BEGIN STORED DATA
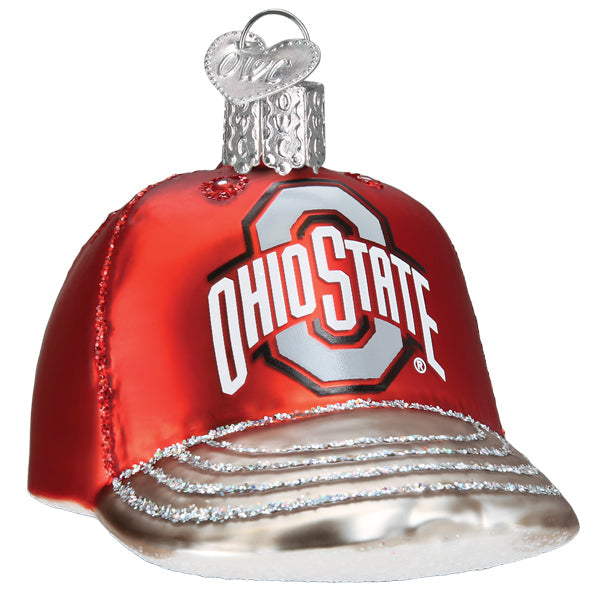 The Ohio State Baseball Cap Ornament (Old World Christmas 64819) is a shiny red and silver glass ornament shaped like a cap, featuring the Ohio State University logo and Ohio State on the front, with a metallic hanging loop.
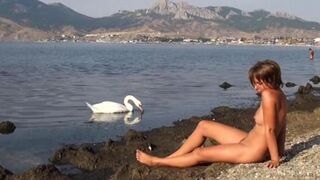 A hot chick is walking naked on the riverbank and showing her body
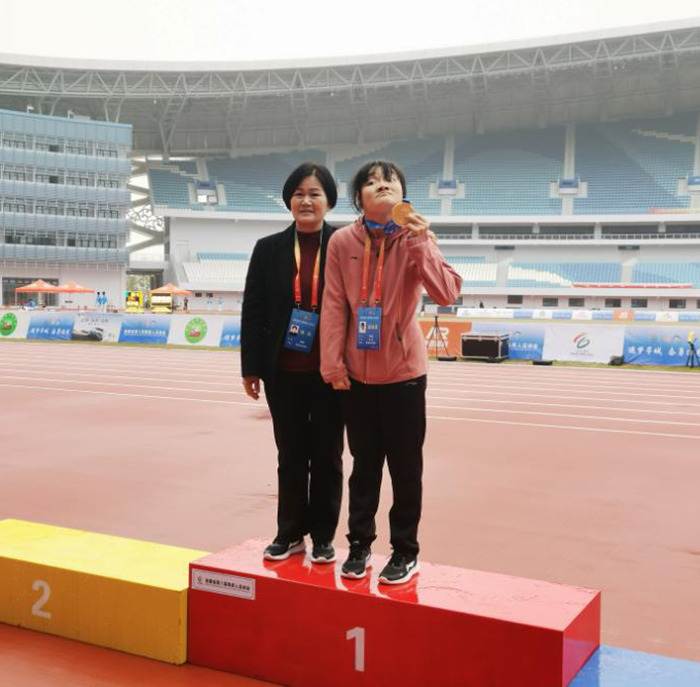 Social media star proudly holds a medal on the winner's podium at a stadium event. Social media star proudly holds a medal on the winner's podium at a stadium event.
END STORED DATA
_WHAT YOU HAVE TO DO:_ Except for the pictures, return every line of the material exactly.

_YOUR SOLUTION:_
 The Ohio State Baseball Cap Ornament (Old World Christmas 64819) is a shiny red and silver glass ornament shaped like a cap, featuring the Ohio State University logo and Ohio State on the front, with a metallic hanging loop.
 A hot chick is walking naked on the riverbank and showing her body
 Social media star proudly holds a medal on the winner's podium at a stadium event. Social media star proudly holds a medal on the winner's podium at a stadium event.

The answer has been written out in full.